This chapter includes the following sections:

27.1 Overview of Live Events

Coherence provides an event programming model that allows extensibility within a cluster when performing operations against a data grid. The model uses events to represent observable occurrences of cluster operations. The events that are currently supported include:

  • Partitioned Cache Events – A set of events that represent the operations being performed against a set of entries in a cache. Partitioned cache events include both entry events and entry processor events. Entry events are related to inserting, removing, and updating entries in a cache. Entry processor events are related to the execution of entry processors.

  • Partitioned Service Events – A set of events that represent the operations being performed by a partitioned service. Partitioned service events include both partition transfer events and partition transaction events. Partition transfer events are related to the movement of partitions among cluster members. Partition transaction events are related to changes that may span multiple caches and are performed within the context of a single request.

  • Lifecycle Events – A set of events that represent the activation and disposal of a ConfigurableCacheFactory instance.

Applications create and register event interceptors to consume events. Event interceptors handle the events and implement any custom logic as required. Events have different rules which govern whether or not mutable actions may be performed upon receiving the event.

27.2 Understanding Live Event Types

Event types represent observable occurrences of cluster operations. Applications handle the events using event interceptors and decide what action to take based on the event type. This section describes each of the supported event types and is organized according to the functional areas in which the events are raised.

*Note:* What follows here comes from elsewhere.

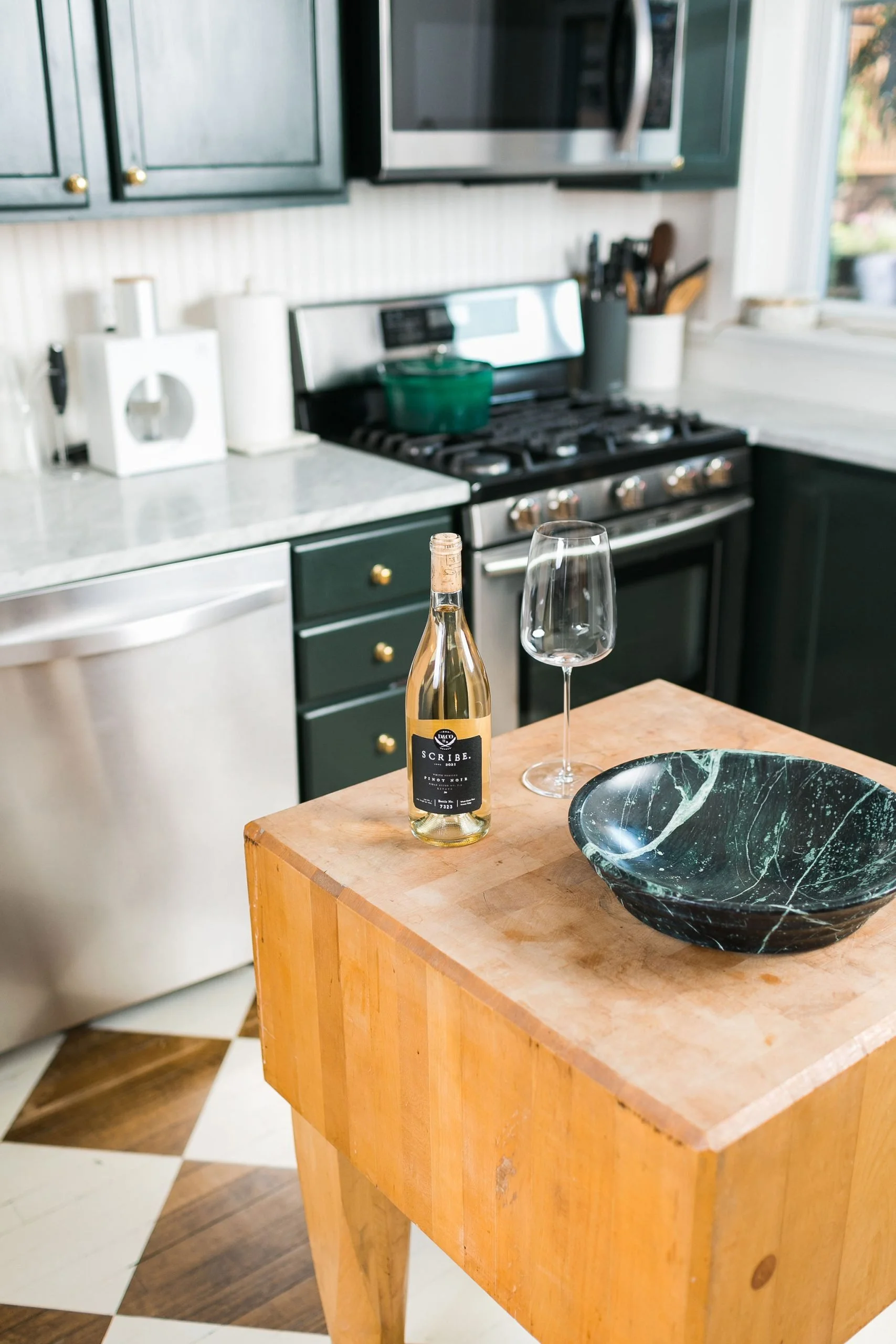 A kitchen with dark green cabinets, stainless steel appliances, and a wooden island. On the island, there is a bottle of white wine, a wine glass, and a decorative green marble bowl. The background shows a stove, microwave, and countertop with kitchen utensils.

The following topics are included in this section:

27.2.1 Understanding Partitioned Cache Events

Partitioned cache events represent operations that are performed against a set of entries in a cache. Partitioned cache events include entry events (EntryEvent) and entry processor events (EntryProcessorEvent). These events are defined within the com.tangosol.net.events.partition.cache package.

27.2.1.1 Entry Events

Entry events represent operations for inserting, removing, and updating entries in a cache. Precommit entry events (INSERTING, REMOVING, and UPDATING) are raised before the operation is performed to allow modification to an entry. The following holds true when modifying entries:

  • Event interceptors that are registered for precommit entry events are synchronously called.

  • A lock is held for each entry during the processing of the event to prevent concurrent updates.

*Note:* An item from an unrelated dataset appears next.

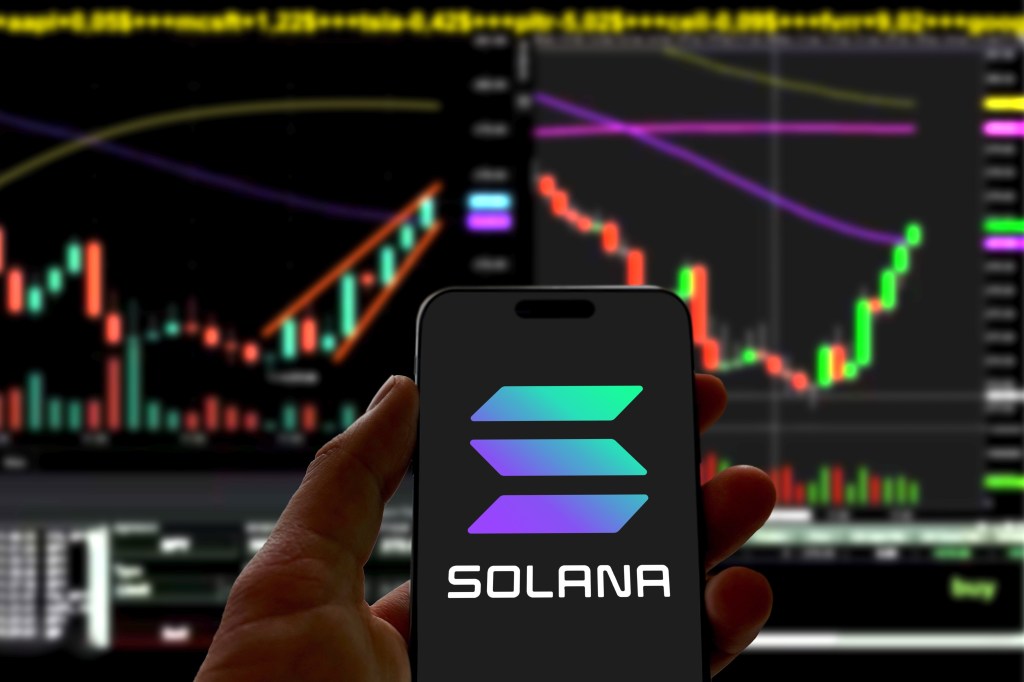 The Solana logo displayed on a smartphone with cryptocurrency charts in the background.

  • Throwing an exception prevents the operation from being committed.

Postcommit entry events (INSERTED, REMOVED, and UPDATED) are raised after an operation is performed and in the same order as the events occurred. Postcommit events indicate that an entry is no longer able to be modified. Event interceptors for postcommit entry events are asynchronously processed.

Table 27-1 lists the entry event types.

Table 27-1 Entry Events

Event Types Description

INSERTING

Indicates that an entry (or multiple entries) is going to be inserted in the cache.

INSERTED

Indicates that an entry (or multiple entries) has been inserted in the cache.

REMOVING

Indicates that an entry (or multiple entries) is going to be removed from the cache.

REMOVED

Indicates that an entry (or multiple entries) has been removed from the cache.

UPDATING

Indicates that an entry (or multiple entries) is going to be updated in the cache.

UPDATED

Indicates that an entry (or multiple entries) has been updated in the cache.


27.2.1.2 Entry Processor Events

Entry processor events represent the execution of an entry processor on a set of binary entries. Precommit entry processor events (EXECUTING) are raised before an entry processor is executed to allow modification to the entry processor instance. The following holds true when modifying an entry processor:

  • Event interceptors that are registered for precommit entry processor events are synchronously called.

  • Entry processors can be shared across threads; therefore, ensure thread safety when modifying an entry processor.

  • A lock is held for each entry during the processing of the event to prevent concurrent updates.

  • Throwing an exception prevents the entry processor from being executed.

Postcommit entry processor events (EXECUTED) are raised after an entry processor is executed and in the same order that the events occurred. Postcommit events indicate that an entry is no longer able to be modified. Event interceptors for postcommit entry processor events are asynchronously processed.

Table 27-2 lists the entry processor event types.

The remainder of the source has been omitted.